Few husbands call their wives every single day, which is one more reason Ivan is about as perfect as anyone gets this side of Heaven. My phone rings at 11:20, I ask how his classes are going, he answers vaguely with something like “Pretty normal,” and then I start prying. But I sensed something was different this past Friday when Ivan brought up his classes before I could ask.

“So, umm, some of my junior highers found the blog.”
“Really? That’s great!”
“Well, I’m not so sure…it has lots of stuff on it and… ”
“Come on, I always post nice stuff about you! Maybe it’ll help them see you a role model.”
Silence.
“Well, which ones were they looking at?”
“They found the one about you being a newt.”

For those of you who don’t remember, the “Newt Post” came after I was hospitalized at Redwood City for a 24 hour EEG. It begins with the famous Monty Python quote and a picture where I look very much like a newt, then progresses to a picture of me looking partially dead after having had 23 seizures in a row, then concludes with another picture of me looking like a newt. At least I’m smiling in the newt ones. The Newt Post is also from July 2018. All  my visions of a professional website were immediately replaced by images of junior high boys nudging each other and air-dropping links to the post on their school iPads. Post-Millennial note-passing at its finest.

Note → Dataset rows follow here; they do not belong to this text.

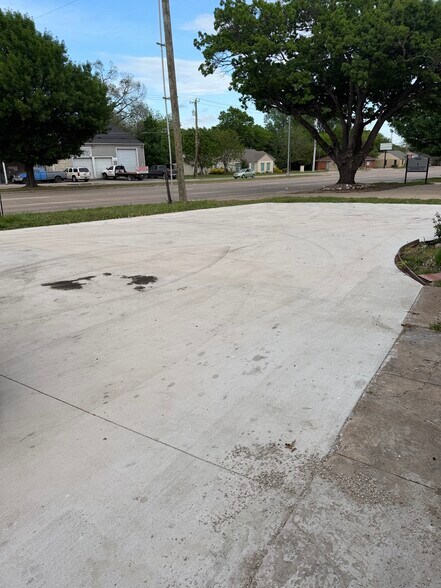 1105 W University Dr, McKinney, TX à louer - Photo de l’immeuble – Image 2 sur 3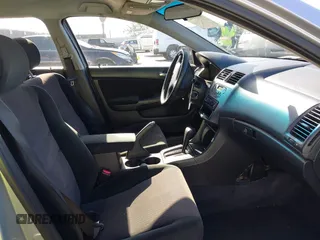 2004 Honda Accord LX z VIN 1HGCM56354A032783, wystawiony jako IAAI lot #40866029 z przebiegiem 276 849 mil mil oraz . Historia ofert i sprzedaży dostępna na DreamBid. Obrazek 5.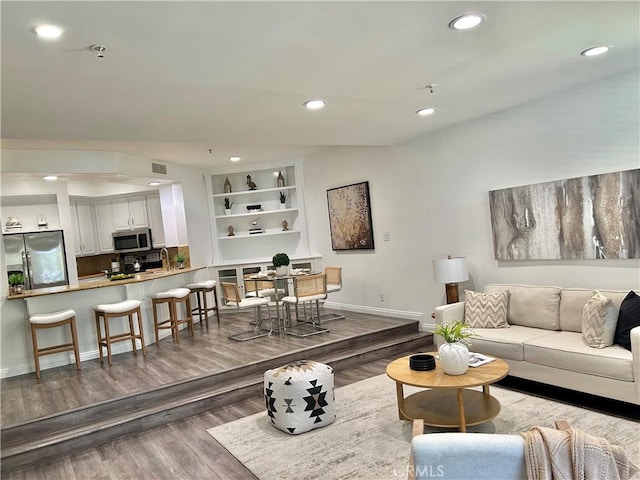 235 Main St Unit 118, Venice, CA 90291 - living room with wood finished floors and recessed lighting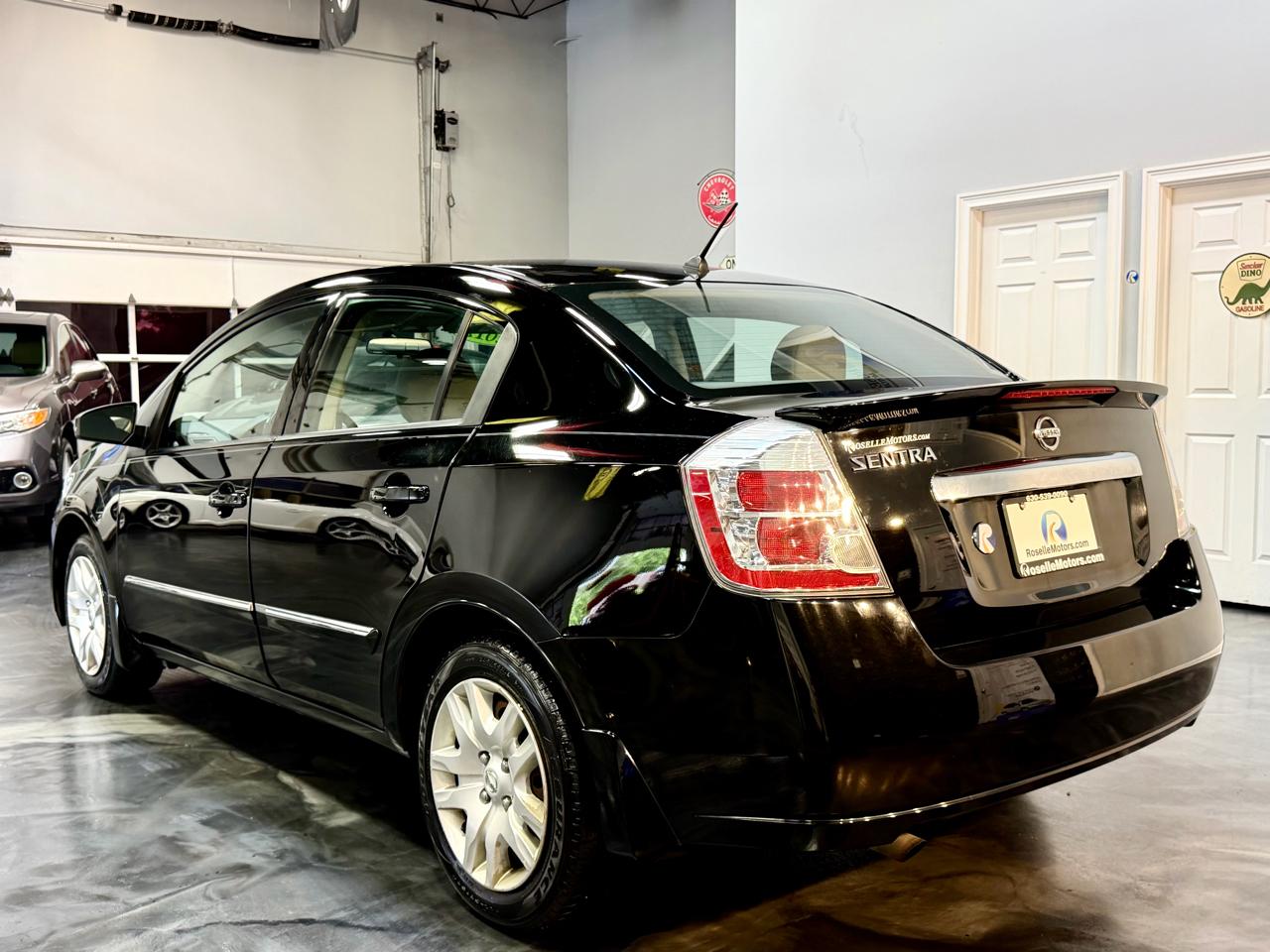 Nissan Sentra 4dr Sdn I4 CVT 2.0 S 2012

How did they make it back that far??? We don’t even have a table of contents.”
“I don’t know. All I’m telling you is they did.”
“Well, did you tell them to stop?”
“Of course. But you know I can’t control what happens outside of class. Besides, you did post that. ”

He was right. I did post those pictures. I’ve posted lots of embarrassing pictures of myself during my post-accident journey, but I’ve always assigned them a higher purpose than comic relief. Then again, who am I to stipulate how and when God can use what I post?

In a masterful stroke of Providence, the website is still not live and Ivan’s efforts to convince his students that Mrs. Utomo looks and acts pretty normal just took a giant step backward. I haven’t had the heart to check how many recent hits that Newt post has gotten. But I do hope my heart is in a better place than it was this time last week. Blogging should be an act of faith, both in what I choose to share and in where it ends up.